Clinical guide to countertransference: Help medical colleagues deal with ‘difficult’ patients
Recognizing a patient’s personality type may help clinicians predict their countertransference when interacting with that patient.
Patients with medical illness
Psychiatrists think of countertransference as a psychological situation occurring in the office or on an inpatient psychiatric unit. We focus our attention on how we feel and what we think while working with patients. We talk about our reactions to patients in supervision, rounds, case conferences, and other situations where mental health professionals discuss patients.
Our medical/surgical colleagues’ reactions to patients often correlate with certain patient presentations and may have little to do with the actual person who is the patient.4 The medical setting provides an opportunity for countertransference to occur in the absence of apparent transference.
Somatic illness imposes on patients some degree of regression. This regression and attempts to cope with it are inherent to somatic illness and hospitalization. Several schemas5 describe basic coping mechanisms common to most patients ( Table ).6,7 Recognizing a patient’s character style or personality type may help clinicians predict their countertransference when interacting with that patient. Uncooperative patients and those perceived as “difficult” are particularly likely to evoke negative countertransference.8
Table
Patients’ response to illness,
with common countertransference by medical staff
| Patient’s coping mechanisms | Staff’s countertransference |
|---|---|
| Dependent personality | |
| • Unconsciously wishes for unlimited care • Depends on others to feel secure • May make excessive requests of staff | • Gratification at being able to take care of patient’s needs • Resentment if patient’s needs seem insatiable |
| Obsessional personality | |
| • Meticulous self-discipline • Illness represents loss of control • Will try to gain mastery over illness by focusing on details, information | • Relief at patient’s willingness to actively participate • Power struggle is possible |
| Histrionic personality | |
| • Outgoing, colorful, lively • Attractiveness and sexuality important • Needs to feel the center of attention • Illness represents defect, loss of physical beauty | • Warm initial engagement • Fear of crossing boundaries • Wonder about veracity of complaints |
| Masochistic personality | |
| • Satisfies unconscious needs by suffering • Needs to play victim role | • Frustration when reassurance does not help • May unconsciously play into patient’s need for punishment |
| Paranoid personality | |
| • Pervasive doubt of others’ motivations • Often questions motives for interventions • Illness represents threat to safety | • Wary of lack of alliance • Anger that patient questions treatment motives • Frustrated at inability to form a trusting relationship with patient • Unsettled by lack of connection |
| Narcissistic personality | |
| • Grandiose sense of self, which protects against shame, humiliation • May demand superior care, insult junior team members | • May feel flattered by ability to treat patient as VIP • May alternately feel devalued, wonder about competence |
| Source: References 6,7 | |
CASE CONTINUED: No longer ‘grandmotherly’

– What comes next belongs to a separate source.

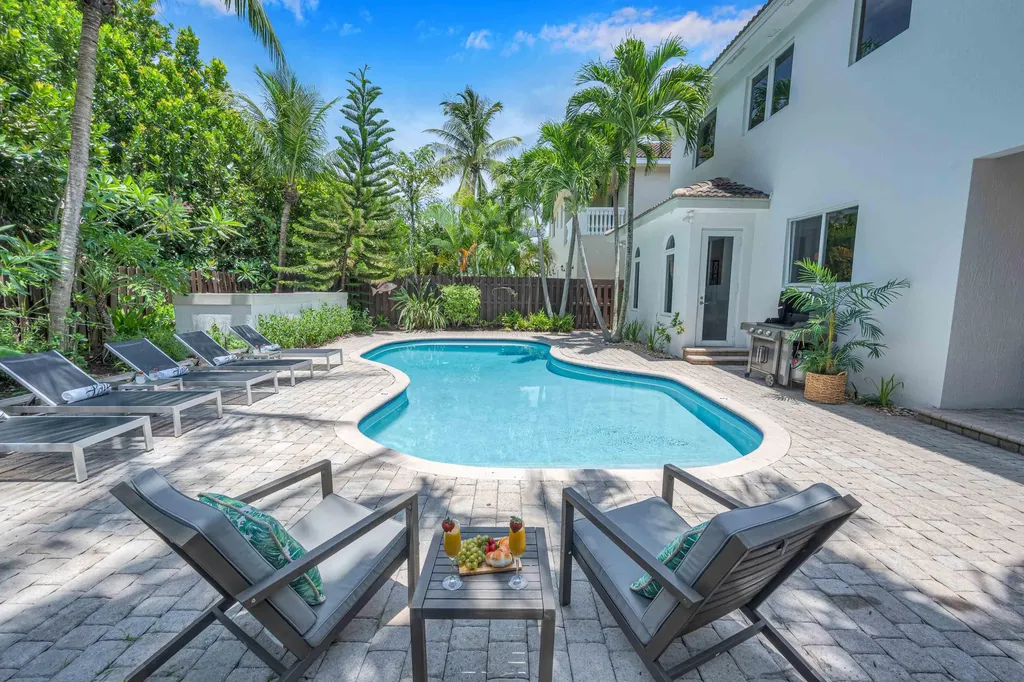3315 NE 17th Street Fort Lauderdale FL 33305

Mrs. R and Dr. W are now in a patient-physician relationship. Dr. W is no longer handing Mrs. R a bottle of soda but is inquiring about her life, use of alcohol and other drugs, intimate activities, etc. Mrs. R reacts with anger at the “personal questions.” In addition, Dr. W orders tests that are uncomfortable for Mrs. R, who refuses to cooperate with some procedures.

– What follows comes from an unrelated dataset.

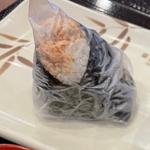 鮭むすび(丸亀製麺アーバス東千田ショッピングモール)
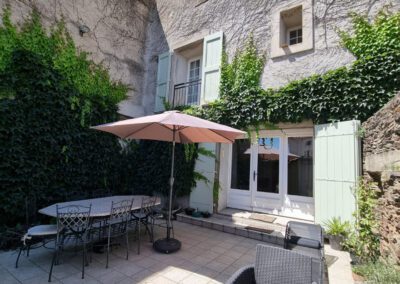 Belle maison en pierres rénovée située au cœur du village avec cour et grange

Dr. W’s memories of her grandmother (who was encouraging, supportive, and loving) color her experience of Mrs. R. She ignores nursing staff’s complaints about Mrs. R being demanding and difficult as the patient becomes aggressive and increasingly confused.
Unable to see the patient as she really is, Dr. W becomes angry and defends Mrs. R’s behavior. The nurses feel Dr. W is unrealistic and ignore her at the nursing station. Late on a Friday night, Mrs. R becomes paranoid, hallucinating that “demons” are in her room. She tries to elope from the hospital. Dr. W is off for the weekend, and the staff requests an emergency psychiatric consultation.

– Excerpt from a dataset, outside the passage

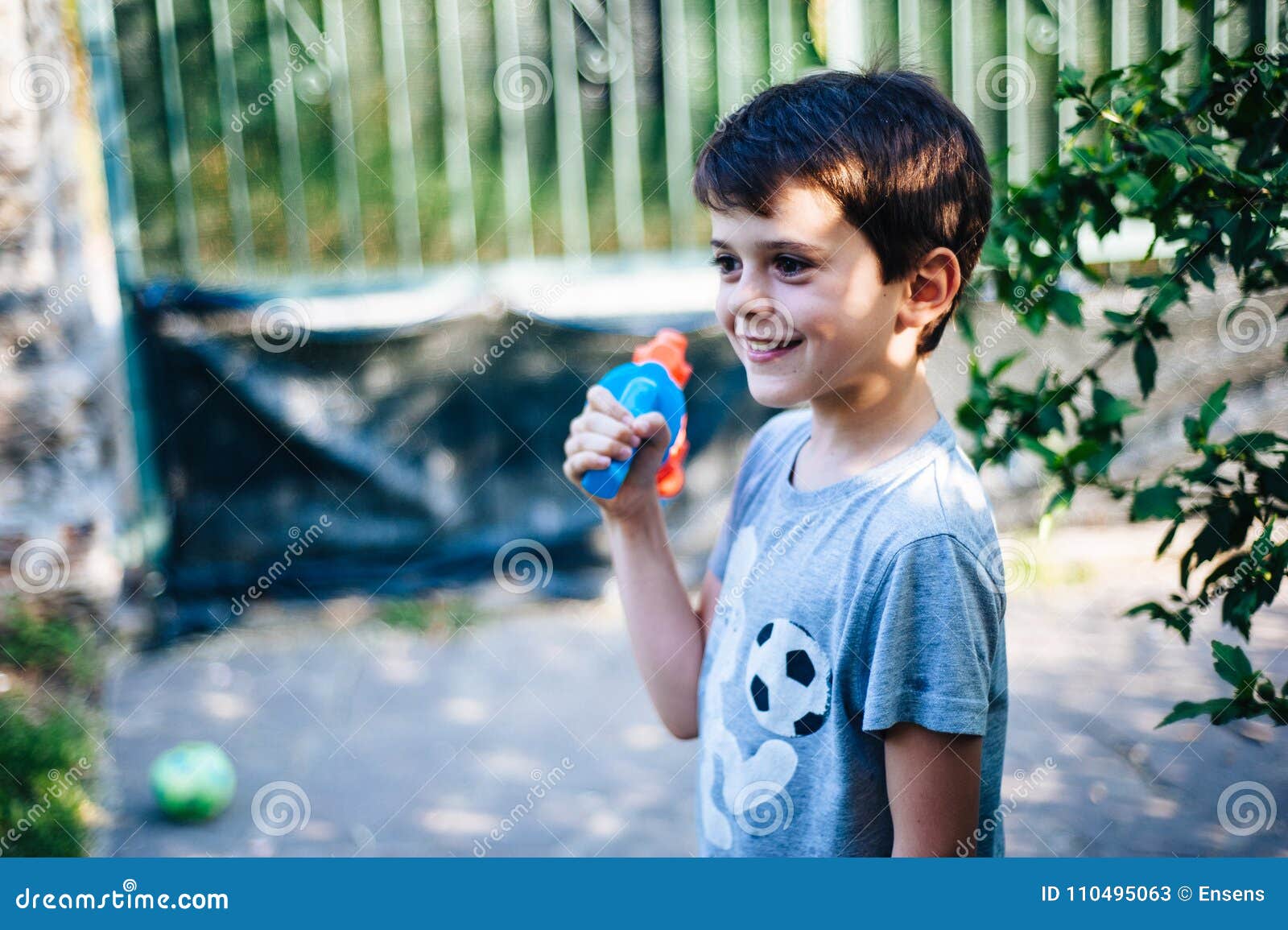 Kinderspiel Im Garten Mit Gewehren Und Wassergewehren Auf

Mrs. R evokes a reaction from the nurses because of how she interacts with them. Dr. W’s response—based on her experience of her grandmother—has nothing to do with the way Mrs. R relates interpersonally but reflects a reaction to the patient’s gender and age. Both reactions would be countertransference, using the modern definition.
If reactions to a patient such as Mrs. R are positive, no one seems to notice and the reactions might or might not influence her care. If the reactions are negative, they might influence her care and generate a request for a psychiatric consultation.